4th Asia Pacific Alliance - Robsn Speech
Speech Notes - Hon M Robson
The 4th Asia Pacific Alliance (APA/ICPD) Meeting On Population And Development
Hon. Matt Robson
New aid agency
Thank you for inviting me to open your conference today.
I have just returned from a meeting of the Secretariat of the Pacific Community in Noumea. We had a very interesting meeting and explored how to strengthen the ability of Pacific peoples to live fulfilled lives. New Zealand supports the SPC because the Pacific region is a central focus of our development assistance.
I am the Minister in charge of aid and I am also the Minister for Disarmament. You wouldn't think that these two portfolios had a lot in common, but increasingly they do.
Eliminating poverty, protecting the environment, and stopping the illicit trade of small arms are all about creating a safe and secure Asia Pacific region.
As many of you will be aware we are in the process of creating a new aid agency, semi-autonomous from the Ministry of Foreign Affairs and Trade.
When the Alliance Labour government first came to power during the dying days of the 20th Century, I called for the most comprehensive review ever undertaken of New Zealand's Official Development Assistance.
The review (Towards Excellence in Aid Delivery) was finally released in September of this year, and generated a lot of discussion.
Armed with that report, we set about creating the new aid agency.
At the moment we're developing a job description for a new top executive, and we'll be advertising for that position soon.
The new agency will have its own vote, and will report directly to ministers.
Other changes under the new structure will include an even stronger focus on poverty elimination and some reduction in the number of aid partners.
More emphasis is to be placed on basic education and good governance, while human rights will be more closely mainstreamed into programmes. Gender and the environment will continue to be major considerations.
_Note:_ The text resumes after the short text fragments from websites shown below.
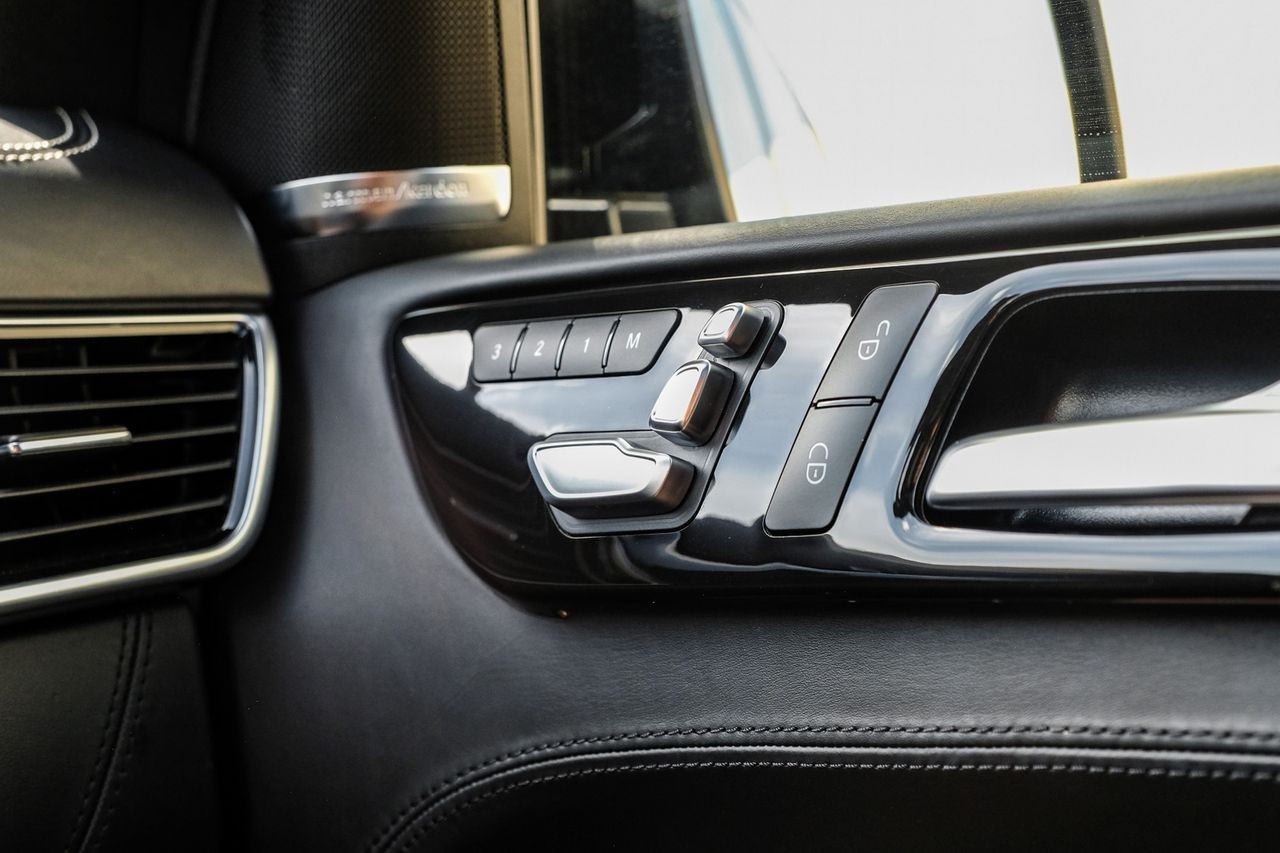 Mercedes-Benz GLS 63 AMG Vehicle Main Gallery Image 53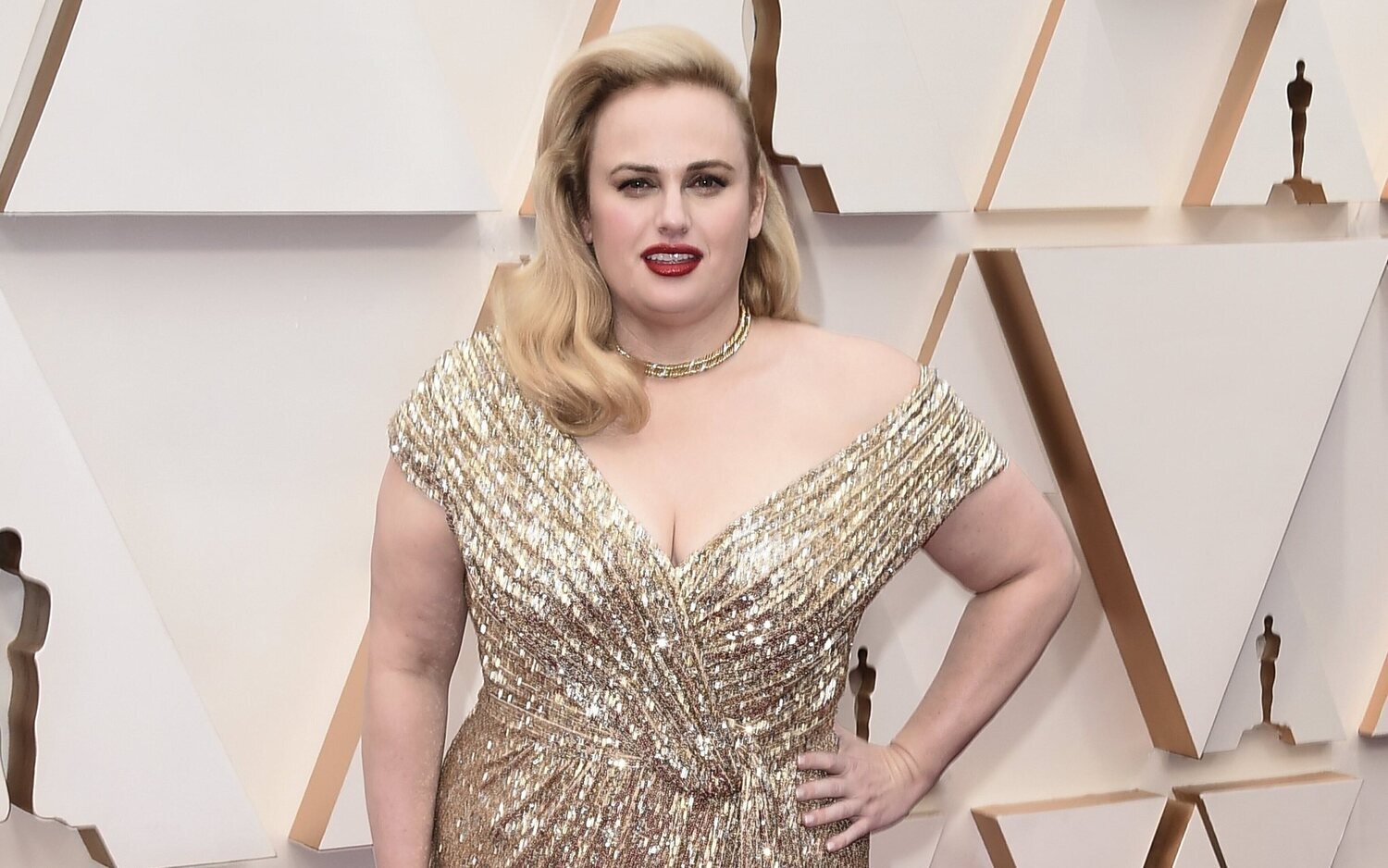 Rebel Wilson en la alfombra roja de los Oscar 2020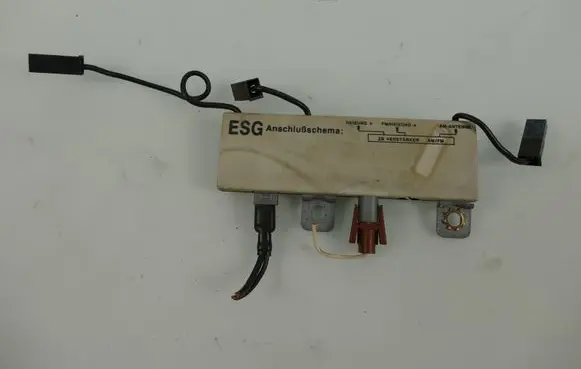 BMW 7 E32 Aerial antenna amplifier 1384421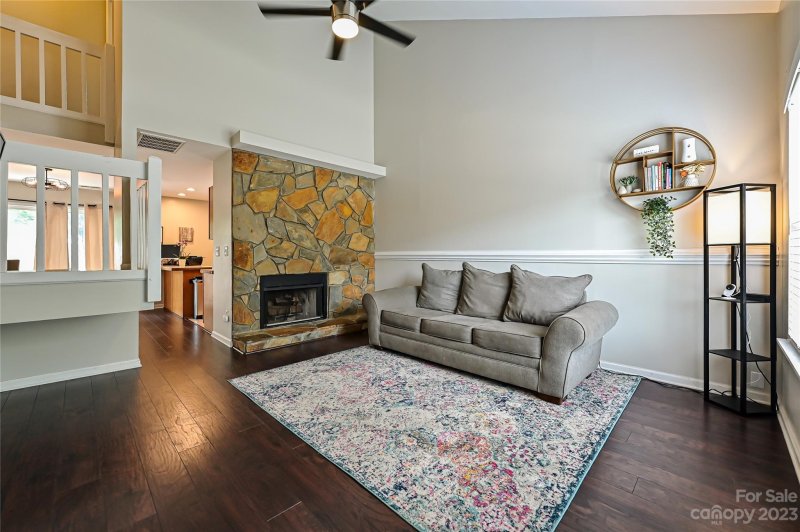 Property image 3 at 3841 Mosscroft Lane, Charlotte, NC 28215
Population and Environment
The links between population and environment are complex. Two weeks ago I was at the launch of the UN Population Fund's State of the World Population 2001 report. It highlights the tremendous challenges our region and the wider world face in providing a healthy and sustainable environment for all our people.
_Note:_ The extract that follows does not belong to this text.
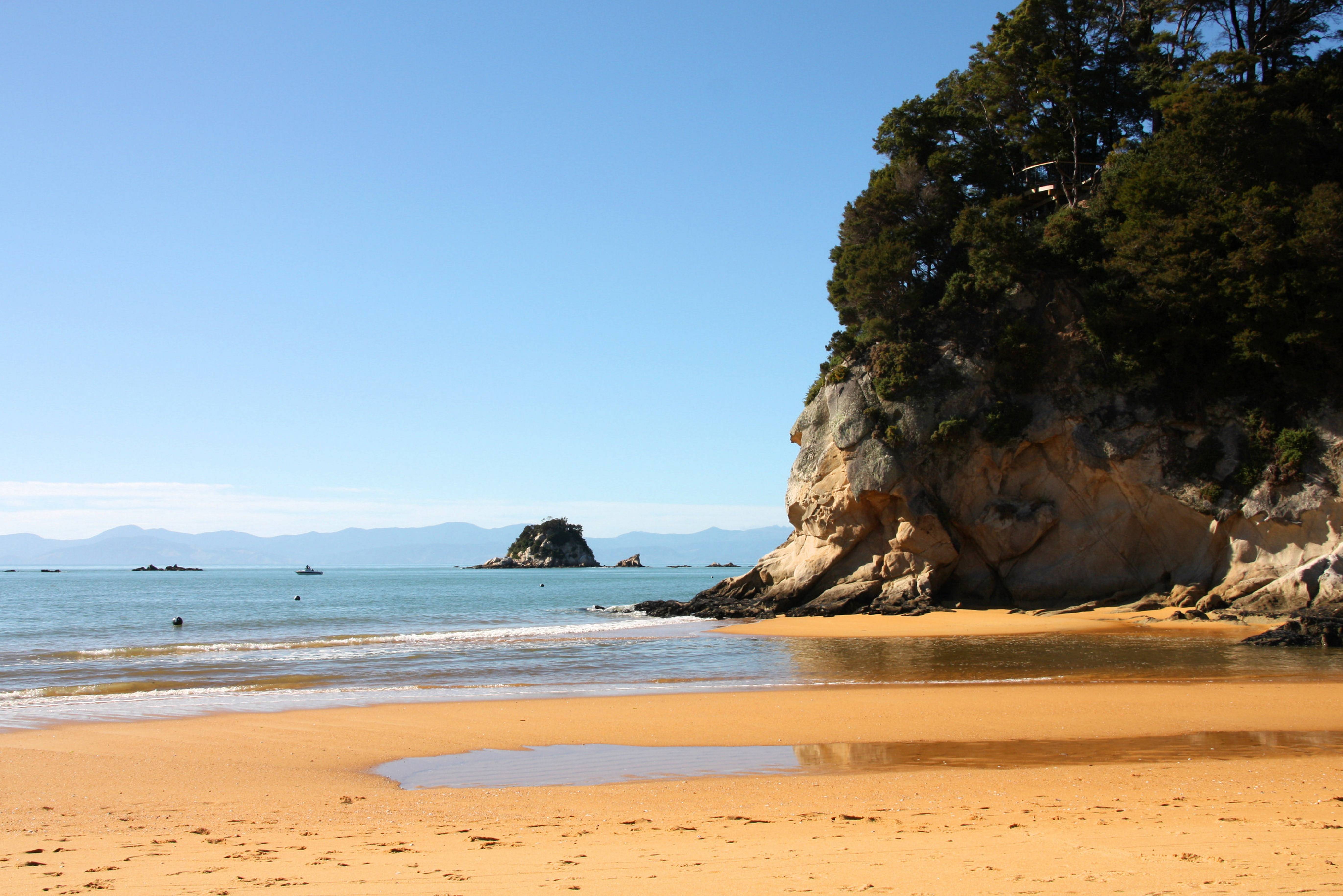 Strand in het Abel Tasman National Park in Nieuw-Zeeland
The analysis of future change is cloaked in uncertainties, given our limited understanding of earth systems and their interactions with changing economic and social conditions.
Shifting consumption patterns, and institutional innovation will undoubtedly continue to affect the environment, as will the pace and nature of technical change.
There is reason to believe that these changes will hasten the deterioration of environmental conditions faced by already vulnerable populations in developing countries.
Such deterioration would likely reinforce vicious cycles of humanitarian crises, conflict over resources, and lack of development.
We cannot afford that kind of insecurity in today's fearful world.
Population growth is very much at the centre of these complex environmental challenges. To confront these pressing challenges, a concerted global effort is needed.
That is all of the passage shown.